» WHAT IS BEING ASKED
Using the records below, repeat exactly the lines from the one holding "FDC 1946 NK350-NK353 tekstvignett 2 Oslo" through the one holding "Kadınlar Günü Baskılı", both ends included, and no others.

» DATA EXCERPTS
——

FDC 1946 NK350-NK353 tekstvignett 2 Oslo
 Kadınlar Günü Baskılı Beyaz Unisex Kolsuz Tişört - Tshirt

——

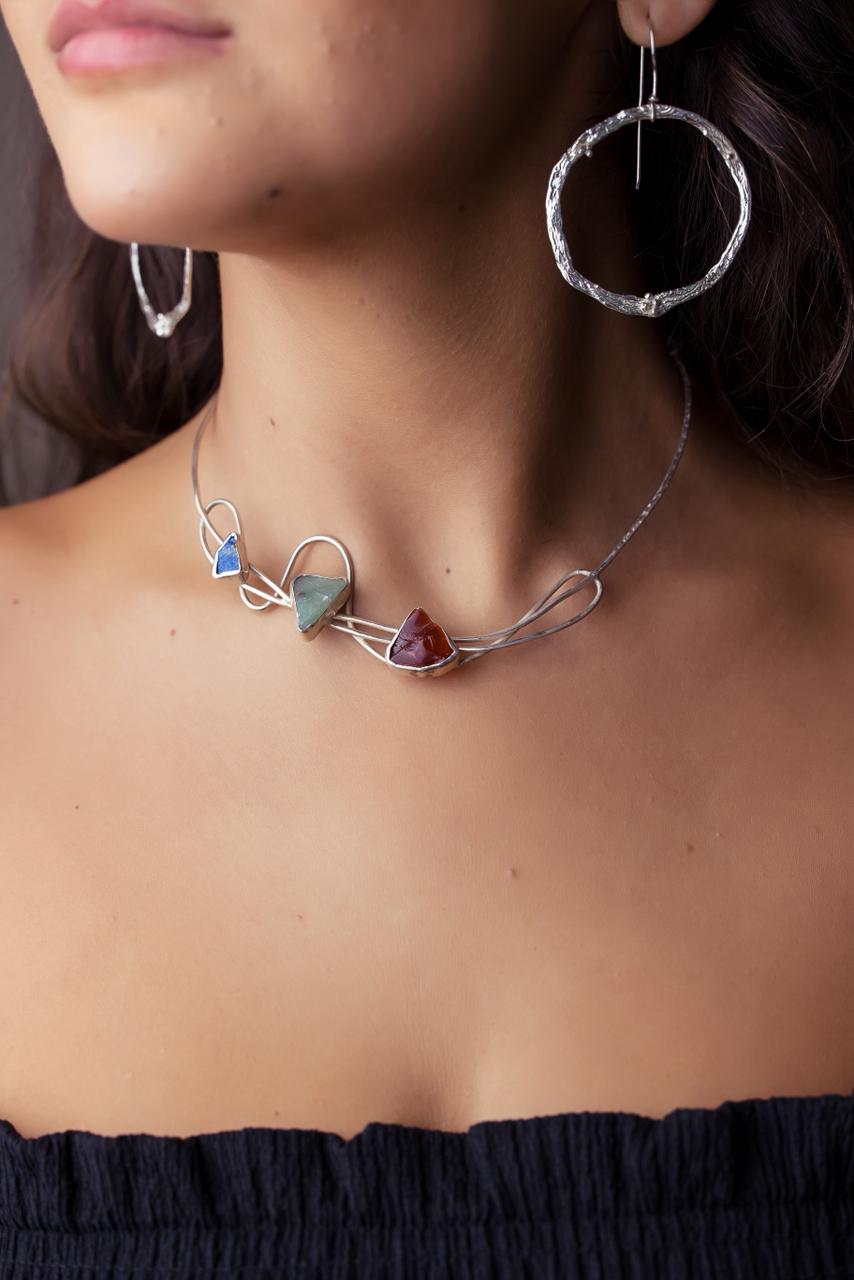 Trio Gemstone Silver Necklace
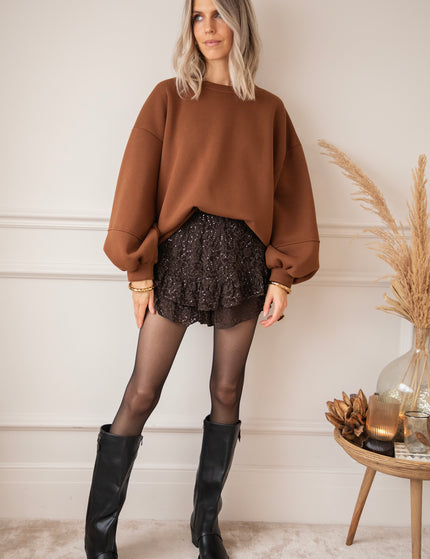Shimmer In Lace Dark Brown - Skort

——

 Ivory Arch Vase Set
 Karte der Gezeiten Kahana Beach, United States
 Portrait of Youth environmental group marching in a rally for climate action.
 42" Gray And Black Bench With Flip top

——

» ANSWER SPACE
FDC 1946 NK350-NK353 tekstvignett 2 Oslo
 Kadınlar Günü Baskılı Beyaz Unisex Kolsuz Tişört - Tshirt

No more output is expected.